The plane is late, and my 37 minute layover in Detroit is evaporating. I am not a happy man.

After much wringing of hands, Delta's little brother ComAir got me to Evansville, wherever that is. It seems to be nothing more than a loose conglomeration of factories and low rise warehouses. What the warehouses are housing and why they are housing it here is beyond me.

We landed after the longest descent and approach in the history of commercial aviation. Why, since we were the ONLY plane in the place we needed to do that, I don't know.

At least this plane had A/C. The first leg was flown without it. Of course on this leg the man sitting next to me had monstrously bad breath. But then the man next to me on the first flight who jammed down his Quiznos didn't have any better air coming out of him. And he snored.

Hard to tell which leg was worse, given I have eaten sausages larger than these airplanes. It was a Canadair Rinky-Poo 2000. I don't know what the 2000 stands for, but I am pretty sure there were that many people in my row alone.

Do you know, the cheap-ass airlines only serve you that ridiculous Dixie cup of pop and then throw the rest away? How is this saving money? No wonder there is a bag tax.

I took a very small bag. Just the one. You should have seen the disappointed looks on behalf of the staff; who, I believe get a perverse pleasure out of screwing passengers in the wallet.

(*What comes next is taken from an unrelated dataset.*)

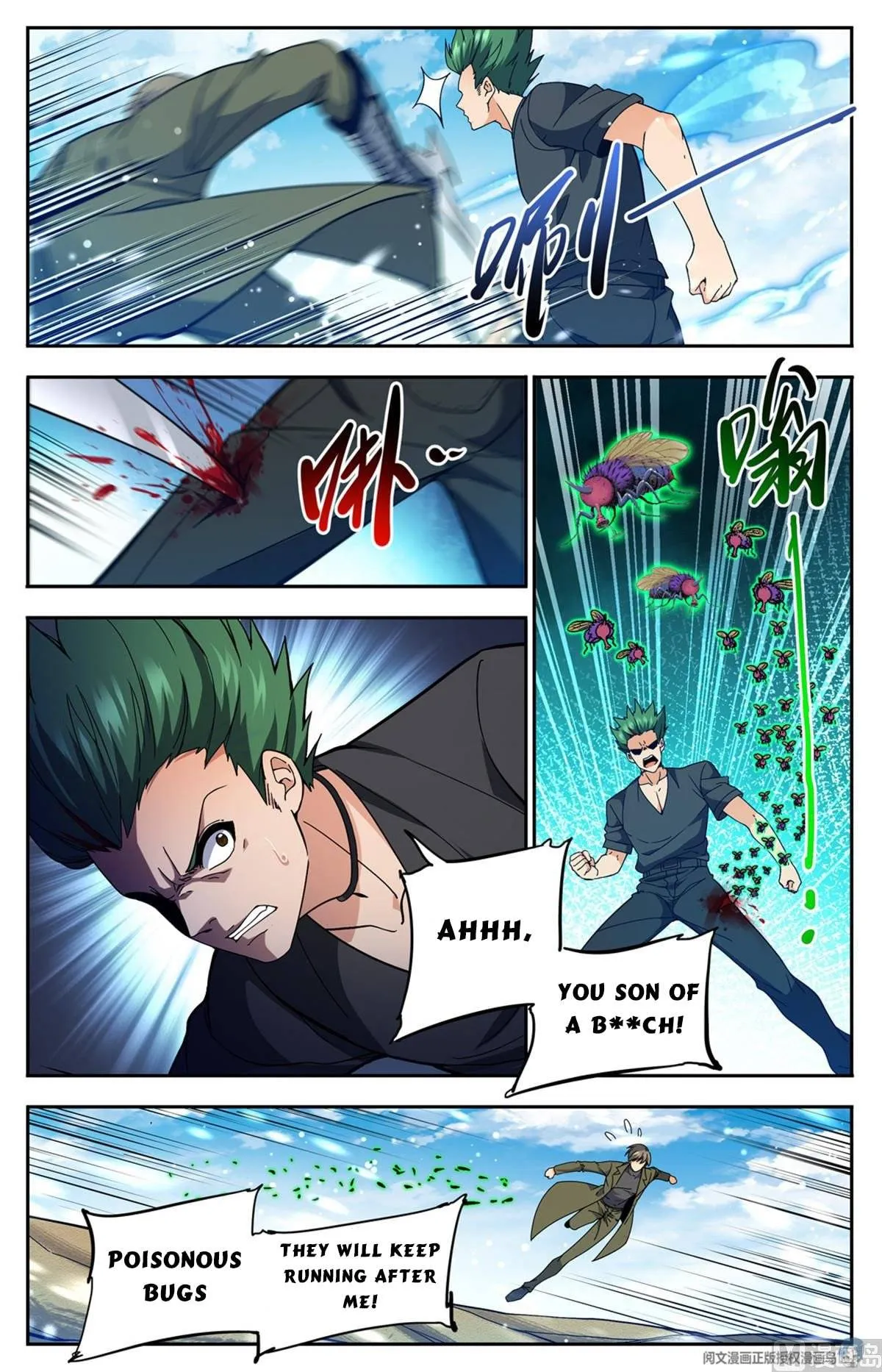 Read Versatile Mage chapter 686 image 4 on Lezhin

The Internet, rather the credit card reward site through which I booked my rental car did not tell me the rental place was off-airport. No matter, the manager gave me a ride and was happy to talk. And talk. And talk.

She seemed very nice. I predict within a year she'll be smoking through a stoma, but she was kind.

My Nissan Versa is shockingly tired for its 7,000 miles. It creeks and groans like my knees. I shall have fun trying my best to destroy it. I like to induce oversteer in a car with 13" tires it's just so easy.

I only got lost once on the way to the hotel. My key didn't work upon check-in, which is only funny because I have a bit of a history with hotel keys. I could do a 20 minute bit on hotel key stories. I did a blog back in June. You can read it, here.

The hotel I blessedly non-smoking, smoking, so I have a fighting chance of living through the night.

Hunger pervades me, so I am off to forage in this strange land. I will talk more later about a store name Schnuck's which where I come from is not a nice thing to call someone.

The Last Minute

Among the things I dislike, and there are a lot of things I dislike I want you to know, is waiting to the last minute, or things that come up in the last minute. The last minute always puckers my ass a little. You know what I like to be doing at the last minute? Watching other people who waited until the last minute, smug in my refinement, knowing I am better than they are. Not just better at something, better than them.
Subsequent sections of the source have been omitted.